Queensland Heritage Register
- Official name: Yungaba Immigration Depot, Immigration Barracks, No.6 Australian General Hospital
- Type: state heritage (built)
- Designated: 21 October 1992
- Reference no.: 600245
- Significant period: 1880s (fabric) 1880s–1980s (historical)
- Significant components: trees/plantings, out building/s
- Builders: William Peter Clark

= Yungaba Immigration Centre =

Yungaba Immigration Centre is a heritage-listed former immigration hostel at 102 Main Street, Kangaroo Point, City of Brisbane, Queensland, Australia, alongside the Brisbane River. It was designed by John James Clark and built c. 1885 by William Peter Clark. It is also known as Yungaba Immigration Depot, Immigration Barracks, and No.6 Australian General Hospital. It was added to the Queensland Heritage Register on 21 October 1992.

In 2009, as part of the Q150 celebrations, the Yungaba Immigration Centre was announced as one of the Q150 Icons of Queensland for its role as a "state shaper".

== History ==
Yungaba is a two-storey brick institutional building designed as an immigrant depot in 1885 by John James Clark, the Queensland Colonial Architect. Following his dismissal shortly after, the plan was developed by Edward Henry Alder and Robert Henry Mills. Constructed by William Peter Clark, the building is described as being of Italianate/Queensland/Institutional style.

Following the subdivision of Kangaroo Point in 1843–44, lots 21 and 22 were purchased by Judah and Isaac Solomon and Thomas Adams. Some time later, John "Tinker" Campbell, a neighbouring land-owner, purchased a share in both lots and transferred his boiling-down works to that location to gain the benefit of the small stream which crossed the properties. Following a series of financial transactions, the land was eventually purchased by Robert Douglas in 1853 for £400. Douglas constructed a house on lot 21 which he named "The Willows". Douglas was a prominent and popular person in Brisbane society at that time, although some scandal arose when it was revealed that he had sold his Kangaroo Point property to the government for £14,000 in 1884.

The government had been aware for some time that the immigration facilities at William Street were inadequate for their needs.

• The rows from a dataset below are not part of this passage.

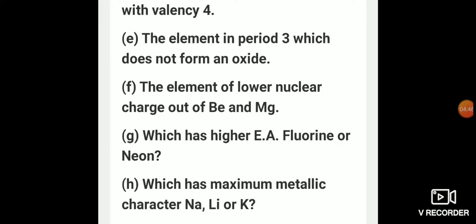Which has higher electron affinity — fluorine or neon? Electron affinity is the tendency of an atom to gain an electron by the exchange of energy. Fluorine has atomic number 9 with electronic configuration 2,7, whereas neon has electronic configuration 2,8. In the case of neon, the outermost shell is filled with 8 electrons, meaning it has an octet, therefore neon will have lower electron affinity. Thus the answer is fluorine.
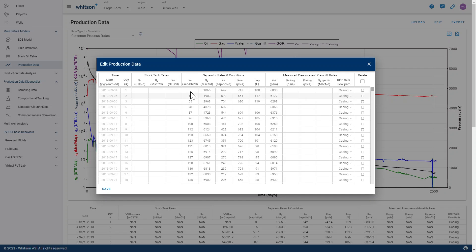In this case, you don't have anything else than separator rates. And since the shrinkage factor is extremely dependent on the associated separator conditions,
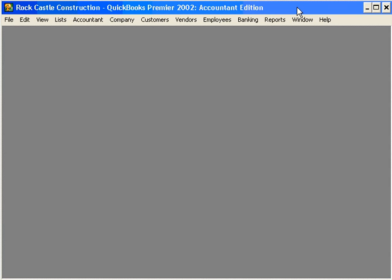Let's set up some price levels for different customers within our QuickBooks software. Setting different price levels is a feature that's only available in QuickBooks Premier and Pro versions.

The decision to acquire the land at Kangaroo Point was justified by the need to provide "pleasant surroundings" for those who were recently arrived in the colony. The pattern of immigration fluctuated wildly over the years and in the period immediately preceding the construction of the Kangaroo Point depot, immigration had been at an all-time high. William Peter Clark, the successful tenderer for the work, ran into a series of difficulties with the construction which resulted in almost a year's delay in the completion. The interior layout was designed by William Hodgen and arranged in a manner typical of institutional buildings of the time. Married quarters were in the form of separate cubicles on the ground level, and single quarters (segregated by gender, and in dormitory form) on the upper level. Symmetrical pairs of laundry and privy facilities were ranged to the rear of the building.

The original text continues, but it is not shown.